Catharine Savage Brosman is Professor Emerita of French at Tulane University. She was Mellon Professor of Humanities for 1990 and later held the Gore Chair in French. She was also visiting professor for a term at the University of Sheffield. Her scholarly publications comprise eighteen volumes on French literary history and criticism and two on American literature: Louisiana Creole Literature: A Historical Study (2013) and Five Women Authors of the American Southwest: The Morality of Vision (in press).

 

Bruce Bennett

Bruce Bennett is the author of nine volumes of poetry and more than twenty-five poetry chapbooks. His most recent book is Subway Figure (Orchises Press, 2009), and his most recent chapbooks are The Wither’d Sedge (Finishing Line, 2014) and Swimming in a Watering Can (FootHills Publishing, 2014).

 

Sankha Ghosh

Sankha Ghosh is widely considered the preeminent poet writing today in Bengali, a language spoken by more than 200 million people. Ghosh was born in Chandpur, Bangladesh in 1932, and currently resides in Kolkata, India. His first book of poems came out in 1956 and he is the author of more than two dozen volumes of poetry and several volumes of literary criticisms. His poetry is renowned for its aural splendor, density of images, and an acerbic tone often directed at perpetrators of social and political malfeasances.

 

Ani Dasgupta

Ani Dasgupta was born in Kolkata, India, and holds a PhD in Economics from Princeton University. He is a Professor at the Massachusetts Maritime Academy and the director of MMA’s International Maritime Business Center. He has taught at Penn State, Tufts, and Boston Universities, in addition to serving as the chief economist of a dot-com and being a business consultant and software creator. He is currently working on a book-length project of “trans-creating” several of Sankha Ghosh’s poems.

 

 

Heinrich Heine

Heinrich was born in Düsseldorf, Germany in either 1797 or 1799. In 1831 he took exile in France, where he often struggled financially despite irregular patronage from a millionaire uncle.

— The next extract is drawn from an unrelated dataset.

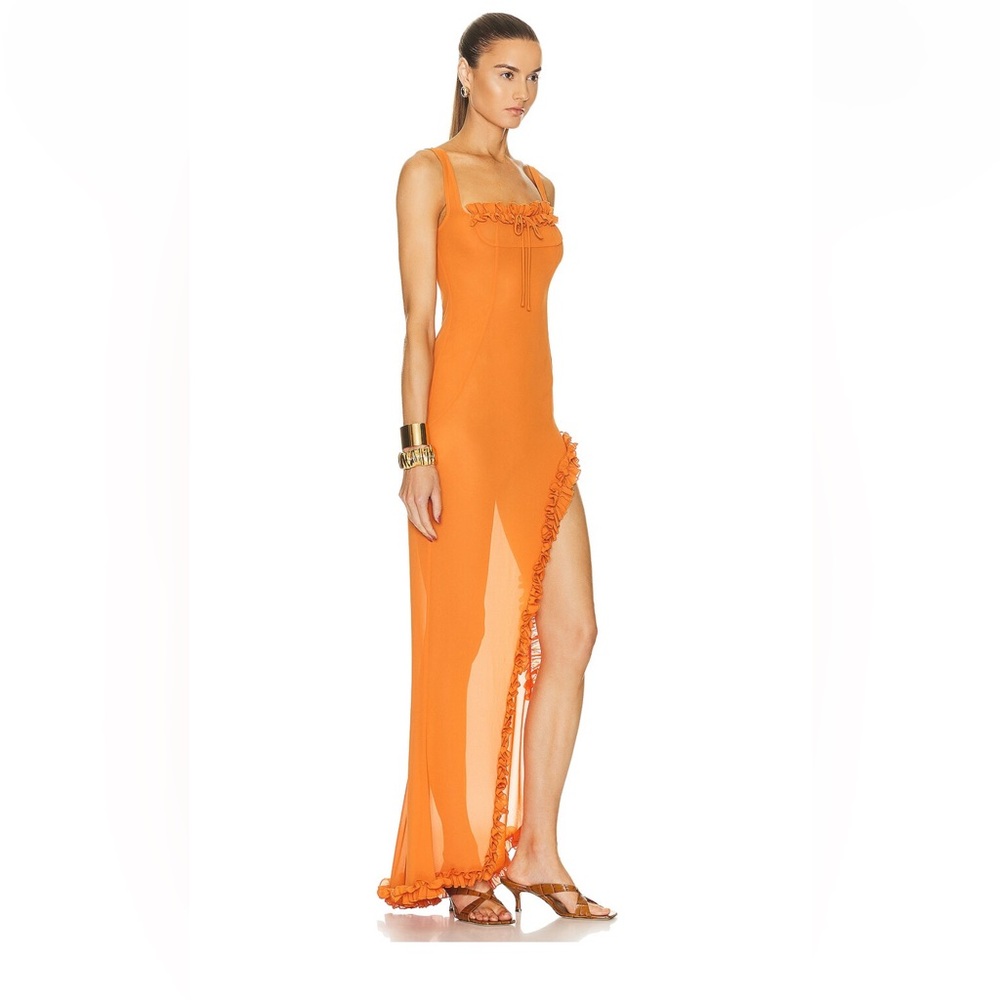 NWT Helsa Sheer Ruffled long dress - Picture 2 of 9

With freedom of speech he developed an international reputation for the lyricism, wordplay, irony, and excoriating satire of his poems, and was called the last of the Romantics. In 1841 he married Crescence Eugénie Mirat (“Mathilde”), who cared for him during eight years of paralysis; he wrote from bed until his death in 1856.

 

Pierre de Ronsard

Pierre de Ronsard (1524 – 1585) was attached to both the French and Scottish courts in his youth; he was later named royal poet for the House of Valois. He led the group of poets called the Pleiades, who looked to classical poetry for paradigms but wrote in French rather than Latin to encourage the development of French literature. In An Introduction to the French Poets, Geoffrey Brereton writes, “He projected . . . an image of his own century. . . .

 

Terese Coe

Terese Coe’s poems and translations have appeared in Able Muse, Alaska Quarterly Review, the Cincinnati Review, New American Writing, Ploughshares, Poetry, Threepenny Review, Agenda, the Moth, New Walk, New Writing Scotland, Poetry Review, the TLS, the Stinging Fly, and many other publications and anthologies. Her poem “More” was heli-dropped across London in the 2012 London Olympics Rain of Poems, and her latest collection of poems, Shot Silk, was published by Kelsay Books.

 

Timothy Reilly

Timothy Reilly was a professional tuba player in both the United States and Europe during the 1970s (in 1978, he was a member of the orchestra of the Teatro Regio in Turin, Italy). He is currently a retired substitute teacher, living in Southern California with his wife, Jo-Anne Cappeluti, a published poet and scholar.

 

Terri Brown-Davidson

Terri Brown-Davidson’s first book of poetry, The Carrington Monolgues (Lit Pot Press), was nominated for the Pulitzer Prize in 2002. Her first novel, Marie, Marie: Hold on Tight (Lit Pot Press), was discussed in the Writer and published to excellent reviews. Terri is a fiction writer, poet, visual artist, and photographer who has received the Dillman Resort Scholarship for Colored Pencil, had her paintings featured in the group show Elementique, and won three Fresh Idea awards from the photography site 1x.com.

 

John Christopher Nelson

John Christopher Nelson was raised between ninety-four acres of chaparral in San Diego County and a defunct mining town in the Nevada high desert. He earned his BA in American Literature from UCLA, where he was executive editor of Westwind. John is a graduate of the Stonecoast MFA in Creative Writing, where he has served a variety of roles—including editor-in-chief—on the Stonecoast Review.